Trener Adrian Siemieniec wybrał następujące zestawienie presonalne na pierwszą odsłonę rywalizacji: Abramowicz - Sacek, Skrzypczak, Stojinović, Moutinho, Kubicki, Silva, Hansen, Churlinov, Imaz, Pululu. Drużyna z Chorwacji występuje w bieżącej edycji Ligi Mistrzów. Jak Żółto-Czerwoni wyglądali na tle renomowanego rywala? Początek spotkania to odważna gra Jagiellonii. W pierwszym kwadransie oglądaliśmy między innymi groźny strzał zza pola karnego Jesusa Imaza. Piłka po uderzeniu Hiszpana poszybowała obok bramki Dinama. Szansę na gola miał też Michal Sacek, ale strzał Czecha został zablokowany.
Później starcie wyrównało się. Dinamo posyłało sporo dośrodkowań w pole karne Jagiellonii, z których niewiele wynikało. Defensywa Jagi spisywała się bez zarzutu. Po pół godzinie gry nastąpiły dwie zmiany w szeregach mistrzów Polski. Murawę opuścili Dusan Stojinović i Tomas Silva, a pojawili się na niej Dimitrios Retsos i Marcin Listkowski.
Chwilę później musiał wykazać się Sławek Abramowicz, który efektowną paradą zapobiegł stracie gola po strzale głową jednego z rywali. Zaraz potem bramkarz Jagi złapał piłkę po uderzeniu zza pola karnego Martina Baturiny.
Podobnie było tuż przed końcem pierwszej odsłony, gdy nasz golkiper wyciągnął się jak struna i sparował piłkę na rzut rożny. Pierwsza połowa zakończyła się bezbramkowym remisem.
Po zmianie stron Jagiellonia wyszła w zmienionym składzie.
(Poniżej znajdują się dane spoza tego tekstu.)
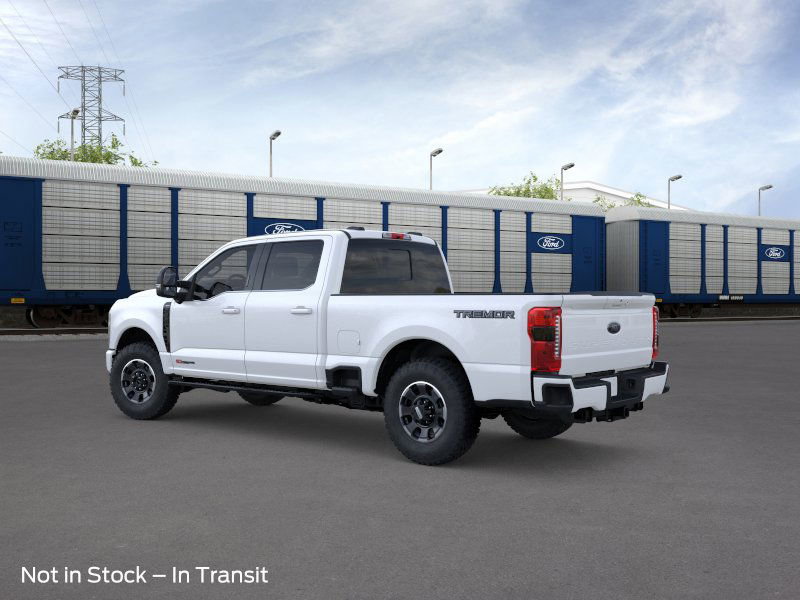 2025 Ford F-350 Lariat photo 4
Od pierwszych minut wyglądało to następująco: Stryjek - Kovacik, Skrzypczak, Retsos, Polak, Kubicki, Silva, Listkowski, Villar, Hansen, Diaby Fadiga.
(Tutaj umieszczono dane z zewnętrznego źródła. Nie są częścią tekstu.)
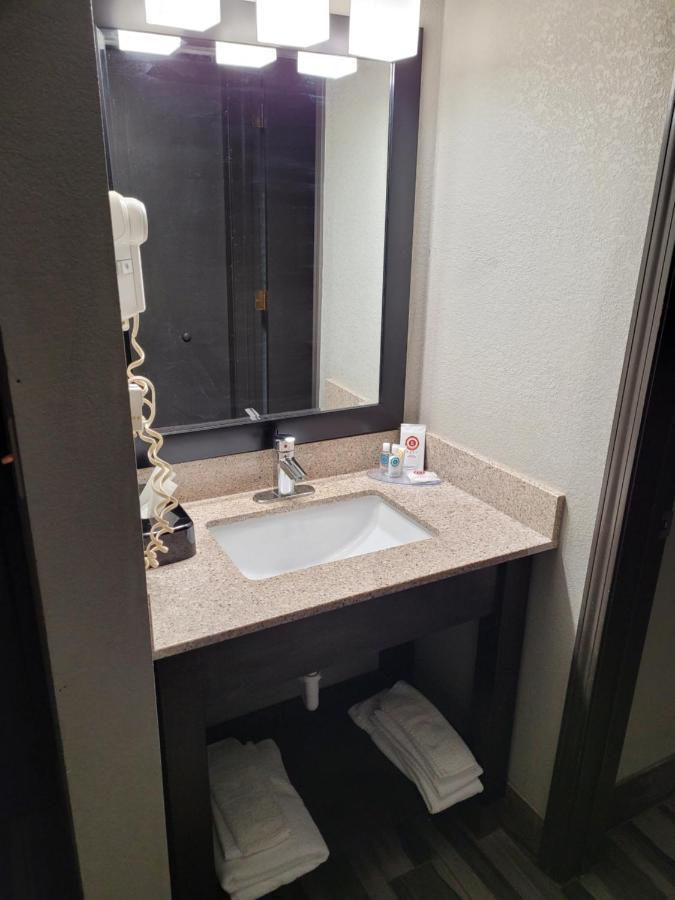 Comfort Inn Cleveland Airport Middleburg Heights Dış mekan fotoğraf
Początek drugiej odsłony rozpoczął się bardzo dobrze dla Jagiellonii. Miki Villar wyłożył piłkę na strzał Silvie, który technicznym strzałem w długi róg askoczył golkipera Chorwatów.
Dinamo podrażnione straconym golem mocniej zaatakowało i po godzinie gry był już remis. Luka Stojković strzałem głową wykorzystał dośrodkowanie i złe wyjście z bramki Maksymiliana Stryjka.
Żółto-Czerwoni powinni ponownie wyjść na prowadzenie w 67. minucie. Po błędzie w wyprowadzeniu piłki rywali przed szansą stanął Silva, ale tym razem Portugalczyk przegrał pojedynek sam na sam z bramkarzem.
W 73. minucie Chorwaci zagrozili po uderzeniu z dystansu i lekkim rykoszecie, ale Stryjek nie miał problemów z interwencją. Zaraz potem na strzał za pola karnego zdecydował się Lamine DIaby Fadiga, jednak próba Francuza została zablokowana przez defensorów Dinama.
W ostatniej minucie regulaminowego czasu gry groźny strzał oddał Sandro Kulenović, ale Stryjek uratował Jagiellonię przed stratą gola bardzo dobrą interwencją. Chwilę później sędziujący spotkanie Jarosław Przybył zakończył mecz. Jagiellonia zremisowała 1:1 z Dinamem Zagrzeb.
Kolejny mecz kontrolny Duma Podlasia rozegra w najbliższą niedzielę (19.01), a jej rywalem będzie CSKA 1948 Sofia z Bułgarii.